Le elezioni europee del prossimo giugno forniranno indicazioni importanti alle grandi famiglie politiche del Vecchio Continente, ma per alcuni si riveleranno foriere di bilanci dolorosi. L’alleanza progressista dei Socialisti e Democratici, principale formazione di centro-sinistra a livello comunitario, ha bisogno di un buon risultato per uscire dalla crisi che la attanaglia da diverso tempo, ma le difficoltà sperimentate in diversi Stati membri rischiano di rivelarsi difficili da superare. A pesare sono, tra le altre cose, il crollo in Germania, la scomparsa dei progressisti in Repubblica Ceca o l’irrilevanza del centrosinistra in Polonia, mentre la lieve ripresa in Francia e in Grecia è un segnale positivo ma non sufficiente a invertire la tendenza continentale. Tra le poche isole felici ci sono, invece, Danimarca e Spagna, ma anche il Portogallo, dove fino ad alcuni mesi fa i Socialisti erano al potere.

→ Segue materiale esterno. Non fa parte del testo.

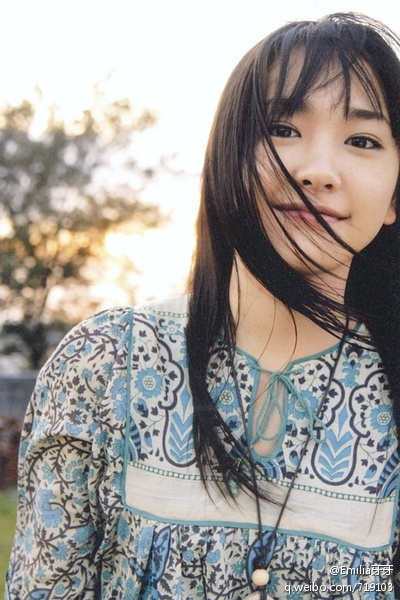 莞尔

I Socialdemocratici danesi, guidati dalla premier Mette Frederiksen al potere dal 2019, sono al primo posto nelle intenzioni di voto riportate da Politico, hanno cinque punti di vantaggio sui rivali dell’Alleanza Liberale e alle consultazioni europee potrebbero ottenere il 24% dei voti. La popolarità del movimento è, paradossalmente, legata anche all’implementazione di politiche poco ortodosse per un partito socialdemocratico. Copenaghen è tra le più dure in Europa in ambito migratorio e nell’ultimo decennio ha assunto posizioni sempre più severe contro l’immigrazione. Tra queste si ricordano la legge, varata nel 2021 e criticata da Bruxelles, che consente di deportare in Paesi terzi i rifugiati, oppure la designazione di parti della Siria come sicure per non concedere protezione ai rifugiati di quella nazione.

Quest’ultima decisione è stata revocata in seguito alle reazioni internazionali ma è indicativa del clima che si respira nel Paese. Il cambiamento dei Socialdemocratici ha avuto inizio, come ricordato da Le Monde, dopo l’ennesima sconfitta elettorale del 2015 per riconquistare i propri ex sostenitori. I progressisti ammisero che l’appoggio alle generose politiche di accoglienza aveva danneggiato i lavoratori, che avevano dovuto sopportare il peso dell’immigrazione e dei fallimenti dell’integrazione oltre ad aver minato il welfare.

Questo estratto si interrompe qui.